Like many churches, Alberni Valley is seeing its membership grow older. In the past, said Korver, the church could engage more enthusiastically in various ministries, which would draw people from the community, but this is no longer the case.

“In the past, you could put out your CRC shingle and count on growth. No longer,” Korver said.

As he thinks of making changes at the church, Korver said he is considering the fact that Port Alberni is home to many Indigenous people, and that this is a group that his church has not sought to connect with in any substantial way in the past.

Almost as a reminder of this, there is a totem pole with carved Indigenous images on it that was installed not far from his church. Church members can easily see the pole as they come in and out of church.

Dedicated in September, the totem pole, says the newspaper The Times Colonist, “was carved to send a message to young people about language, culture and the importance of taking care of the planet. On top of the 10.7-metre-tall pole are two figures showing the first man and the first woman. The other side of the pole includes images of the sky, crescent moon and sun.”

The newspaper also says: “Carver Tim Paul, a member of the Hesquiaht First Nation with the Nuu-chah-Nulth people, said the pole represents the importance of culture, nature, family and history, and also sends a message that humanity needs to work together to make changes to protect and clean up the environment.”
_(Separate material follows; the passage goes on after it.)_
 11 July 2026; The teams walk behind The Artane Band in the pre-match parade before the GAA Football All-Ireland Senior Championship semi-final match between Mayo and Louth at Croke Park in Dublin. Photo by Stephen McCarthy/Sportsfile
One of the values of Beaumont’s book, said Korver, “is that it gives us the language to know and express where we are at. . . . There is the blunt realization that we can’t fix what is happening.”

However, there is comfort in knowing that if you slow down and pay attention to God, the Lord will show the way forward. Although this can be an uncomfortable process, Korver explained, it can lead to results — to a new life that can arrive after you have been wandering in the wilderness.

“This process is something we need to stay with,” said Korver. “We can’t get distracted. We have to stay on this trail.”

Also of comfort, he added, is holding on to Reformed theology, which offers something secure on which to stand.

“By reading, paying close attention to, and following Scripture, the church — even though it is right now in the liminal wilderness — has something straight and true that we can rely on,” said Korver.